“Honey, will you take Mrs. Riker inside?” she asked. “I’d like to see what Blackberry’s up to. He’s helped us solve mysteries before. There must be something in the barn he wants to show us.”

“Mice, probably. But go ahead,” Honey told her. “I know where everything is. I’ll have refreshments ready for the rest of us by the time you get back.”

Judy intended to take only a few minutes. But when they reached the barn Penny and Paul wanted to climb to the hayloft. There they found three of the club members, two girls and a boy, apparently searching for something in the hay.

“Hi, there!” Judy greeted them. “Be careful, Black Spots, or someone will rub you out. And if you’ve lost anything, don’t look for it. We’ve been warned.”

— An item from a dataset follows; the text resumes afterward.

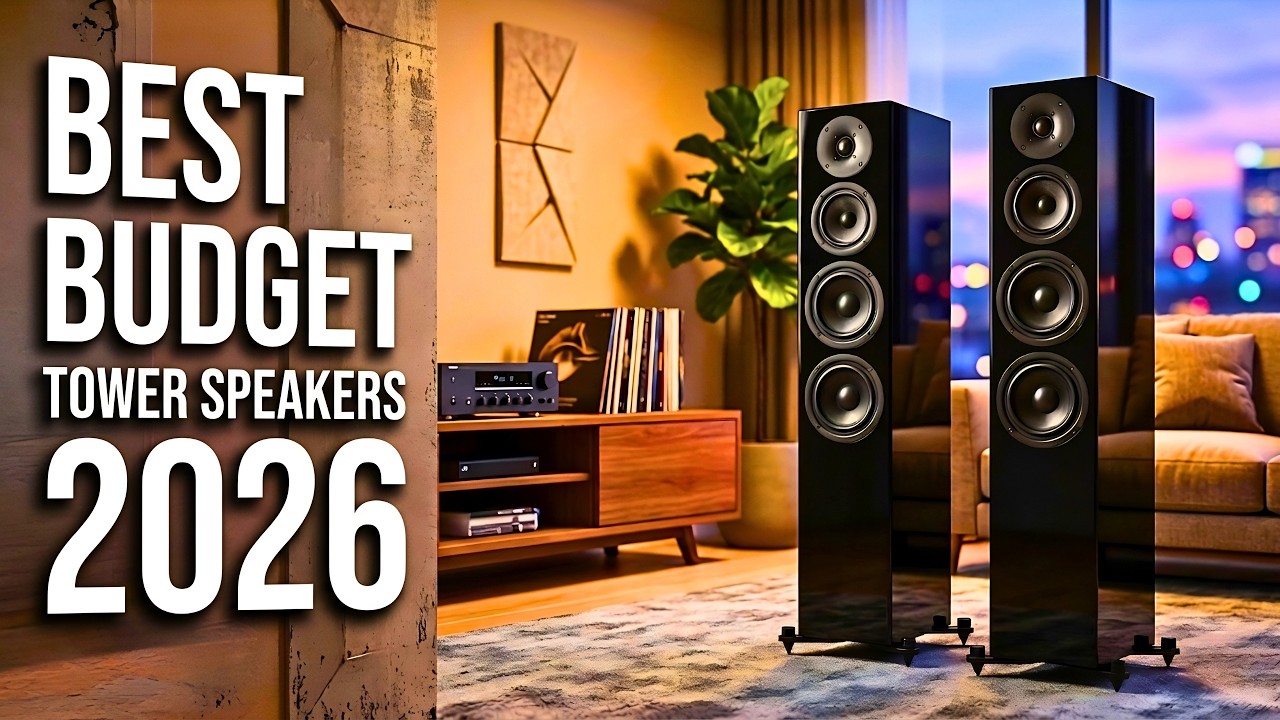 Top 5 Best Budget Tower Speakers 2026 – #1 Blew Me Away! - YouTube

Ricky, the club president, looked at her with a baffled expression on his face.

“You are joking?” he said in what Judy considered a charming accent. “The Americans make the jokes I do not understand.”

“There was a big fight,” spoke up Muriel Blade. “The rest of the kids went to Wally’s house, but Anne and me, we stuck by Ricky.”

Anne, the youngest of the club members, was solemnly regarding the two Riker children. She was standing in a shaft of light that came in through a small window overlooking the grove.

“We know them,” she told Judy. “We tried to trail the bad men for them.”

“Did you see the men’s faces?” asked Judy. “What did they look like?”